What you will do:
Print each entry again exactly as written, and keep the pictures out.

Information provided:

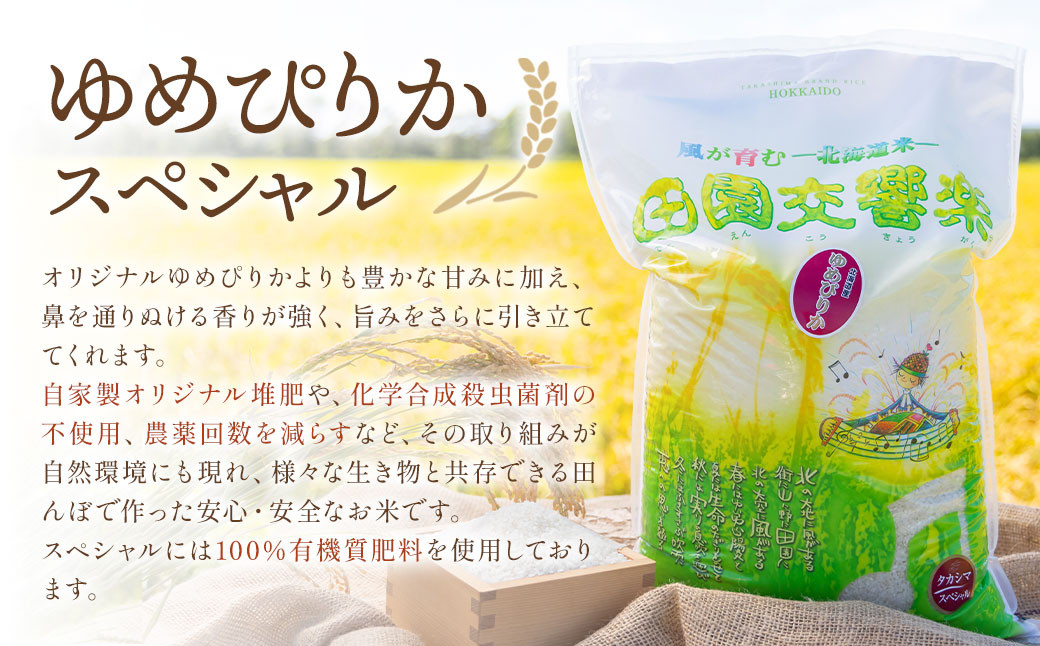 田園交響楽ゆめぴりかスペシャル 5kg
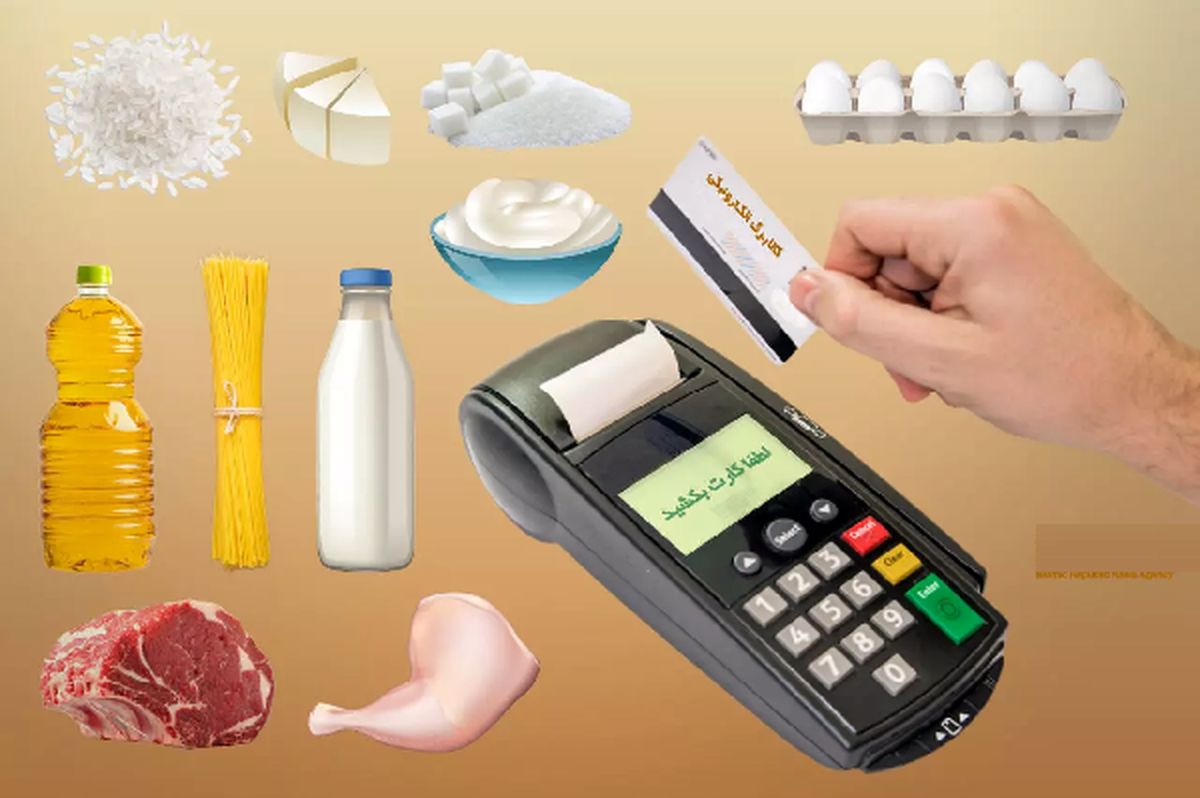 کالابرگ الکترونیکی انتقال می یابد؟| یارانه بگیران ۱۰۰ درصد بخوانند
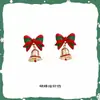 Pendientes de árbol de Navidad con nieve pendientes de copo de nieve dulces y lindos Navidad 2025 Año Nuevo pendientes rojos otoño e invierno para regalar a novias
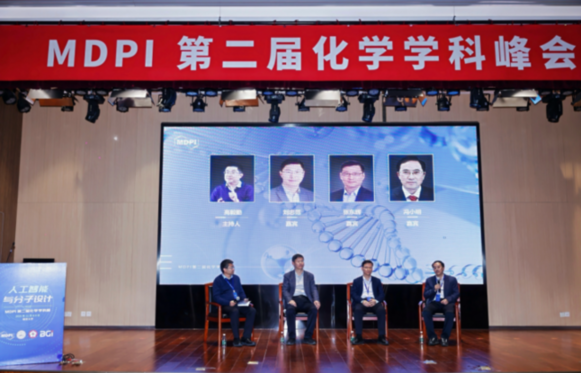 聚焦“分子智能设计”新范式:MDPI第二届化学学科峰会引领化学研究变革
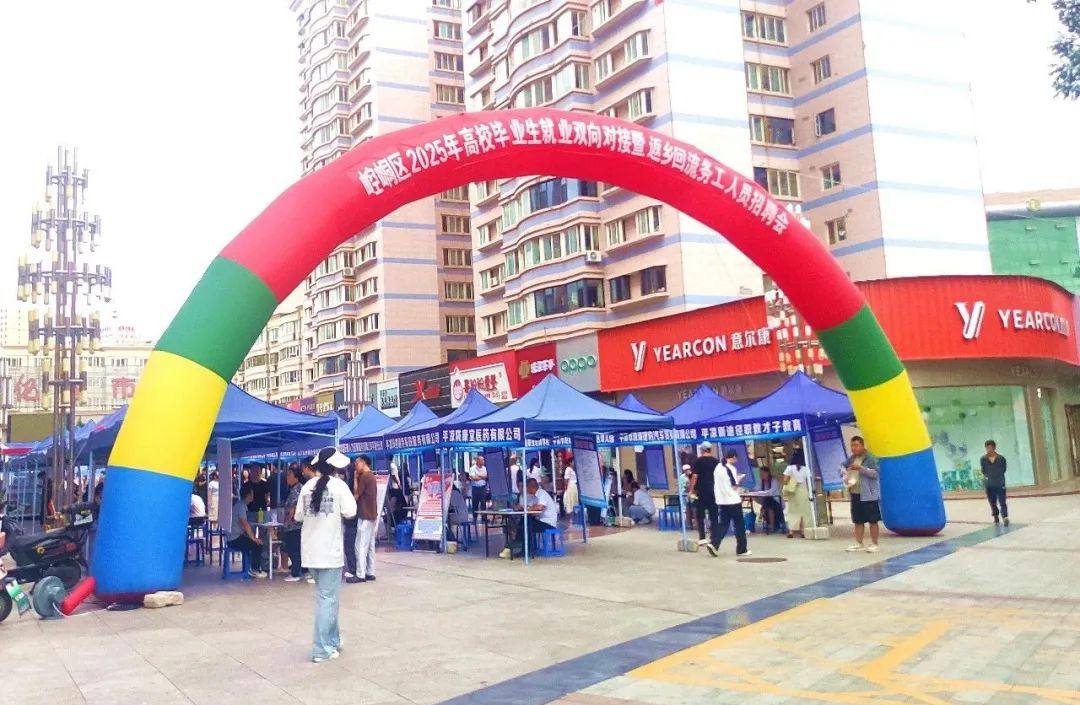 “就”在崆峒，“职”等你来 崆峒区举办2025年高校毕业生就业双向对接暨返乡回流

Answer to this task:
 田園交響楽ゆめぴりかスペシャル 5kg
 کالابرگ الکترونیکی انتقال می یابد؟| یارانه بگیران ۱۰۰ درصد بخوانند
 Pendientes de árbol de Navidad con nieve pendientes de copo de nieve dulces y lindos Navidad 2025 Año Nuevo pendientes rojos otoño e invierno para regalar a novias
 聚焦“分子智能设计”新范式:MDPI第二届化学学科峰会引领化学研究变革
 “就”在崆峒，“职”等你来 崆峒区举办2025年高校毕业生就业双向对接暨返乡回流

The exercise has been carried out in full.